The passengers of Turku region public transport, or Föli, have a clever solution to the problem: the best fare ticket. The fare will change according to travel history and will never exceed day or week-specific pricing. The application can also be used to buy other ticket products and top up the travel card.
The application was developed by PayiQ, a Turku-based company. The company received the ICT-teko prize awarded by Turku Chamber of Commerce in 2020. Of the single tickets sold by PayiQ in the Turku region, more than 60 percent are best fare tickets.
”This is an excellent service from the point of view of the user. Using cash is problematic, and a travel card can no longer be topped up on the bus in Turku. Paying with a smartphone is easy and safe,” says Pirkka Lankinen, Managing Director of PayiQ.
The popular application is part of the extensive Mobility as a Service (MaaS) package, to which societies in different parts of the world are heading with urbanisation and digitalisation.
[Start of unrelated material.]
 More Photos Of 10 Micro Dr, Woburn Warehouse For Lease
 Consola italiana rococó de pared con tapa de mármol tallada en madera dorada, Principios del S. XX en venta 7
PayiQ offers corresponding applications in many cities.
MaaS combines mobility needs, and the user decides which parts they want to use in their daily lives. Smart public transport is based on real-time data. However, the data is very fragmented and is not utilised to the full.
”The data is not intelligent unless it is in use,” says Lankinen.
Instead of an information security risk, the data collected can be seen as an enabler.
Ecosystem of different operators
The use of data and the management of dozens of related applications can easily give you a cold sweat. You must register in one application and identify in another. You are constantly concerned about your information security. Who is collecting my data and how is it used?
Lankinen perceives the matter differently: data is an enabler. It calls for cooperation between several operators, or an ecosystem that makes the whole work.
”It all starts from selecting good, secure partners.”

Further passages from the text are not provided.